"What could cause something like that? A small area of breathable atmosphere on a world so inhospitable otherwise?" Xyon wondered.
"A freak atmospheric occurrence," suggested Soleta. "Or perhaps some sort of terraforming experiment, left behind by a race long gone."
"Or a race that's still there," Kebron warned.
"That place has to be it: the Quiet Place." Si Cwan could not entirely keep the sense of wonder from his voice. "The Quiet Place. I can hardly believe it... I never thought I would see it myself-"
"What do you think you'll see there, Cwan? The face of God?" Kebron snorted.
"Absurd. Right, Soleta?"
"Oh, I don't know," said Soleta. "I am a woman of science. I try to keep myself open to all possibilities."
"You, Soleta?" Kebron rarely sounded surprised or at least allowed himself to sound that way. "You're a scientist. Your discipline is the antithesis of religion."
"Not necessarily. After all, for example, in the Judeo-Christian Bible, God charges Adam-the metaphor for the beginning of humanity-with the responsibility of naming everything in Creation."
"So?"
"So... that is, fundamentally, what I do. I research, I study, and I try to put names to things. They are scientific names, but they are names nonetheless. My life is defining that which is already there. In a way, you could say that I am doing God's work."

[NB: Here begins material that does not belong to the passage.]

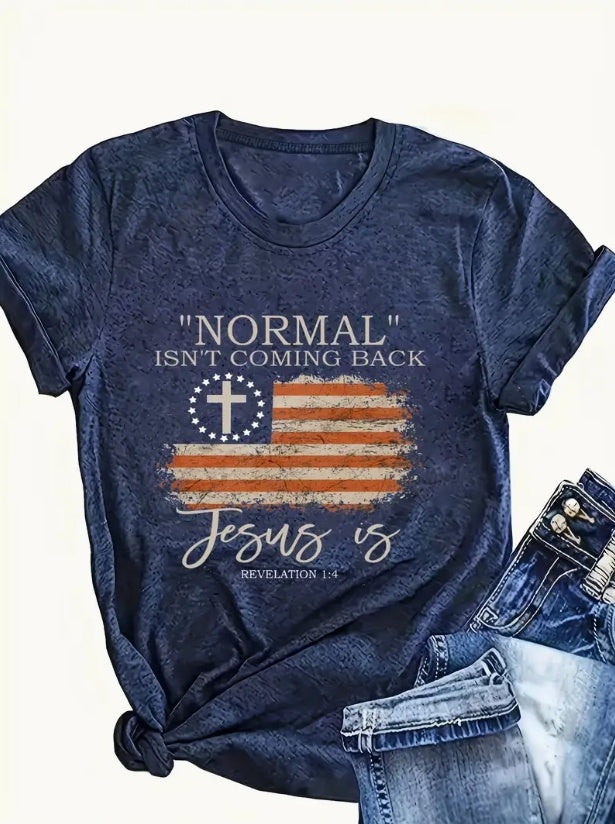 American Flag - Printed Round Neck Vest - Casual And Loose - Daily Wear - Women's Clothing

Kebron rolled his eyes. "Religious... nonsense. I hate when you do that,
Soleta."
"Do what?"
"Play devil's advocate."
"Whose advocate?" she asked, with a slight, puckish raising of one eyebrow.
"Devil's..." He stopped and then snorted once more.
Soleta walked up to the viewing port and studied the planet ahead of them. "I am just getting a feeling about this world. That is all."
"What sort of feeling?" asked Cwan.
"The feeling... that we are going to encounter something extremely unscientific."
XIV.
THE SCREAMING DID NOT BEGIN immediately; when it did begin, it did so quietly..
.
Riella felt as if the fog in which she had been living for many, many years was slowly lifting from the moment she set foot on the planet. The ground was surprisingly soft beneath her feet, almost spongy.
"I'm home," she whispered.
Rier was significantly less enthused by what he saw, for what he saw was a considerable amount of nothing.
He could not recall having seen a more desolate and uninteresting piece of real estate in his life. It was impossible for him to believe that there were any riches, any treasure, any secret of immortality there. There was nothing there.
Nothing. Not a damned thing.
The entire area was completely uninteresting. A few rises, a few crevices, that was all. No brush, no shrubs. Not a single animal of any sort was crawling across the slightly soggy ground.
The only intriguing thing was the sky. In the distance, high above, the clouds seemed to be whirling in a slow but steady vortex. They were dark, flashing every so often with lightning from within like a storm perpetually on the brink of opening up, but never quite getting there.
But they made no sound.
Rier's ears, sharp as they were, were strained to the utmost, and still he could detect no sound. Something was blowing the clouds, but there was no wind.
Lightning crackled from on high, but there was no thunder. All was silent. All was quiet.
"What kind of place is this?" Omon said. He was clearly trying to keep the apprehension out of his voice.
"I have no idea. But I'm going to find out." He turned and strode towards
Riella. "All right, girl," he said. "We're here in this world of oddity. You have led us here. Is this the Quiet Place?"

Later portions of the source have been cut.